Fast in allen Wüsten der Welt ist es zu hören, in der Sahara, der Wüste Gobi, der Namib, selbst in Gebieten mit großen Dünen taucht das Geräusch auf. Oft dauert es minutenlang an. Seine Lautstärke beträgt bis zu hundert Dezibel – das entspricht fast dem Lärmpegel eines Presslufthammers.
Laut Überlieferung haben bereits im 13. Jahrhundert Menschen den mysteriösen Klang bemerkt. Man grübelte: Lebten vielleicht Geister in der Wüste? Dämonen? Überirdische Wesen? Tatsächlich gab es lange keine Erklärung für das Naturphänomen. Klar war nur: Es fand völlig unabhängig von den herrschenden Windverhältnissen statt.
Lawinen sind der Auslöser
Erst vor wenigen Jahren haben französische Wissenschaftler des Labors für Physikalische Statistik in Paris das Rätsel gelöst. Sie bestätigten, was vor ihnen viele vermutet hatten – dass Sandlawinen die mysteriösen Klänge auslösen.

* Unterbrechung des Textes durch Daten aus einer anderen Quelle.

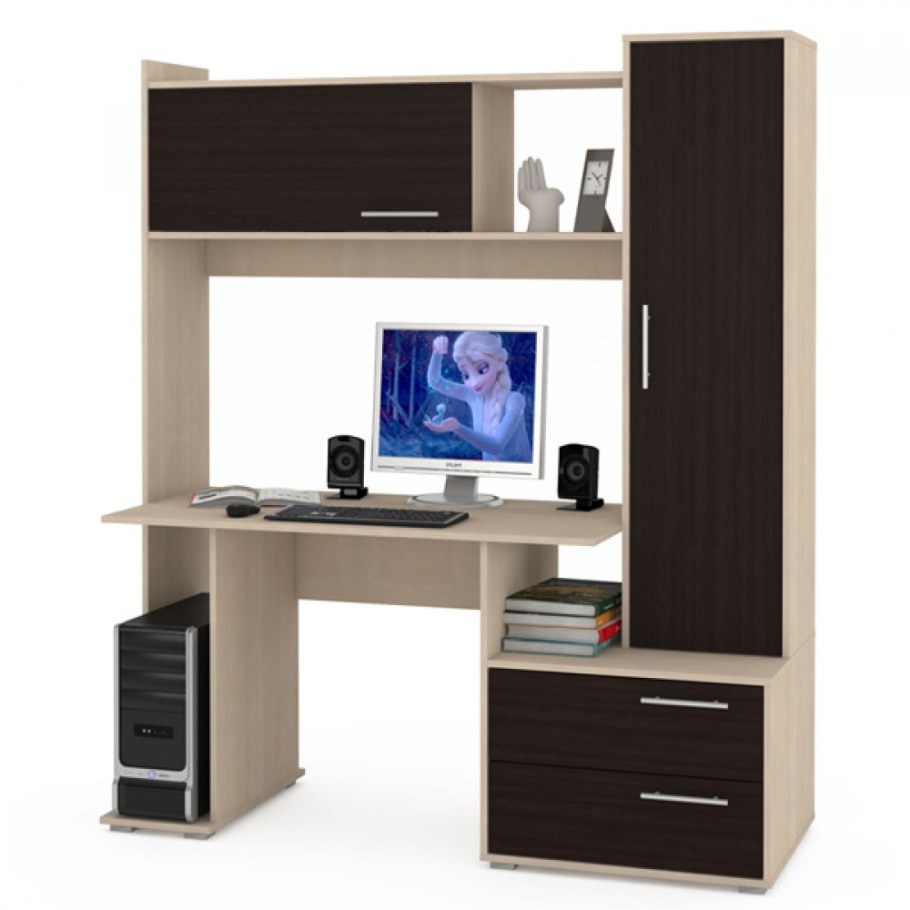 Стол компьютерный венге Брайтон 2100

Jede Lawine besteht aus bis zu fünfhundert Schichten, die jeweils etwa zehn Zentimeter dick sind. Nach und nach gleiten diese die Düne hinab. Dabei bildet sich unter jeder einzelnen Schicht ein Luftpolster. Doch durch das Gewicht der Lawine wird die gestaute Luft wieder zurück nach außen gedrückt.
Dadurch entstehen Schwingungen. Zusammen erzeugen die fünfhundert Lagen pro Lawine einen hörbaren Klang. Den Forschern gelang es sogar, das Geräusch künstlich im Labor erzeugen. Mit Hilfe einer speziellen Versuchsanordnung konnten sie den Sand zum Klingen bringen. Unklar ist allerdings bis heute, warum die Sandkörnchen synchron abrutschen – denn erst das erzeugt den eigenartig-bizarren Klang, der sich vom Grollen normaler Lawinen unterscheidet.
Wann singt der Sand nicht überall?
Und warum singt nicht jede Düne? Zum einen ist die Tonfrequenz von der Größe der Sandkörner abhängig. Und offenbar spielt auch die Beschaffenheit der Dünen eine Rolle: US-amerikanische Forscher fanden heraus, dass hohe Dünen, die steil abfallen und zudem aus sehr trockenem Sand bestehen, die besten Töne erzeugen.
Schon kleinste Mengen Nässe verhindern, dass der Sand zu singen beginnt. So ist also großes Glück notwendig, um ein solches Natur-Konzert einmal erleben zu können.